■ **Source records**:
◇ ◇ ◇ ◇
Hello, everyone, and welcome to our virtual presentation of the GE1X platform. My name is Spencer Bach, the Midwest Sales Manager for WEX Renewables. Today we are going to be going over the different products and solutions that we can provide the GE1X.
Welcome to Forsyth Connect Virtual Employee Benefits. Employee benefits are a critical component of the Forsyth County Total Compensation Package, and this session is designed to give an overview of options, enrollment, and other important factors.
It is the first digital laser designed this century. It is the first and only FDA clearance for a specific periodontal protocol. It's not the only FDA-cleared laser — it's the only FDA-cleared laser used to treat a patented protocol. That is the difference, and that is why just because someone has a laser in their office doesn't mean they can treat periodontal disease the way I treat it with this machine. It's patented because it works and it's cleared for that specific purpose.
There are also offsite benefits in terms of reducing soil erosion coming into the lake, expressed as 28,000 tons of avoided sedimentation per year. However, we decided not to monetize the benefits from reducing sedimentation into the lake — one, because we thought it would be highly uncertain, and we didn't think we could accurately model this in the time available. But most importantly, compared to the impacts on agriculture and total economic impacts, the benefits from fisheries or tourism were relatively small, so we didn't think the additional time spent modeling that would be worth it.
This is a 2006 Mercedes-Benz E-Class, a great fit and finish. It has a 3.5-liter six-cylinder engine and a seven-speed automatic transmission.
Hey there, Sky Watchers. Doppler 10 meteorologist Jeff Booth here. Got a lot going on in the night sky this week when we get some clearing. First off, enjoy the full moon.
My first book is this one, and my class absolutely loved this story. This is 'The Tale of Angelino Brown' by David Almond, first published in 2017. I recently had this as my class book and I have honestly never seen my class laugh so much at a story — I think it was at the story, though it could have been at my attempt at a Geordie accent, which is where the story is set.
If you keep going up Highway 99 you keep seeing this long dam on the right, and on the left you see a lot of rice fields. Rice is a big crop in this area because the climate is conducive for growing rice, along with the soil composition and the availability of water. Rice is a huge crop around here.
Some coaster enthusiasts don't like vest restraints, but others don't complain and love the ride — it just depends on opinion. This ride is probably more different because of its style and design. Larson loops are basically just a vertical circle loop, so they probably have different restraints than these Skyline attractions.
◇ ◇ ◇ ◇
■ **Exercise directions**:
Repeat every line of the data precisely.

■ **Result**:
Hello, everyone, and welcome to our virtual presentation of the GE1X platform. My name is Spencer Bach, the Midwest Sales Manager for WEX Renewables. Today we are going to be going over the different products and solutions that we can provide the GE1X.
Welcome to Forsyth Connect Virtual Employee Benefits. Employee benefits are a critical component of the Forsyth County Total Compensation Package, and this session is designed to give an overview of options, enrollment, and other important factors.
It is the first digital laser designed this century. It is the first and only FDA clearance for a specific periodontal protocol. It's not the only FDA-cleared laser — it's the only FDA-cleared laser used to treat a patented protocol. That is the difference, and that is why just because someone has a laser in their office doesn't mean they can treat periodontal disease the way I treat it with this machine. It's patented because it works and it's cleared for that specific purpose.
There are also offsite benefits in terms of reducing soil erosion coming into the lake, expressed as 28,000 tons of avoided sedimentation per year. However, we decided not to monetize the benefits from reducing sedimentation into the lake — one, because we thought it would be highly uncertain, and we didn't think we could accurately model this in the time available. But most importantly, compared to the impacts on agriculture and total economic impacts, the benefits from fisheries or tourism were relatively small, so we didn't think the additional time spent modeling that would be worth it.
This is a 2006 Mercedes-Benz E-Class, a great fit and finish. It has a 3.5-liter six-cylinder engine and a seven-speed automatic transmission.
Hey there, Sky Watchers. Doppler 10 meteorologist Jeff Booth here. Got a lot going on in the night sky this week when we get some clearing. First off, enjoy the full moon.
My first book is this one, and my class absolutely loved this story. This is 'The Tale of Angelino Brown' by David Almond, first published in 2017. I recently had this as my class book and I have honestly never seen my class laugh so much at a story — I think it was at the story, though it could have been at my attempt at a Geordie accent, which is where the story is set.
If you keep going up Highway 99 you keep seeing this long dam on the right, and on the left you see a lot of rice fields. Rice is a big crop in this area because the climate is conducive for growing rice, along with the soil composition and the availability of water. Rice is a huge crop around here.
Some coaster enthusiasts don't like vest restraints, but others don't complain and love the ride — it just depends on opinion. This ride is probably more different because of its style and design. Larson loops are basically just a vertical circle loop, so they probably have different restraints than these Skyline attractions.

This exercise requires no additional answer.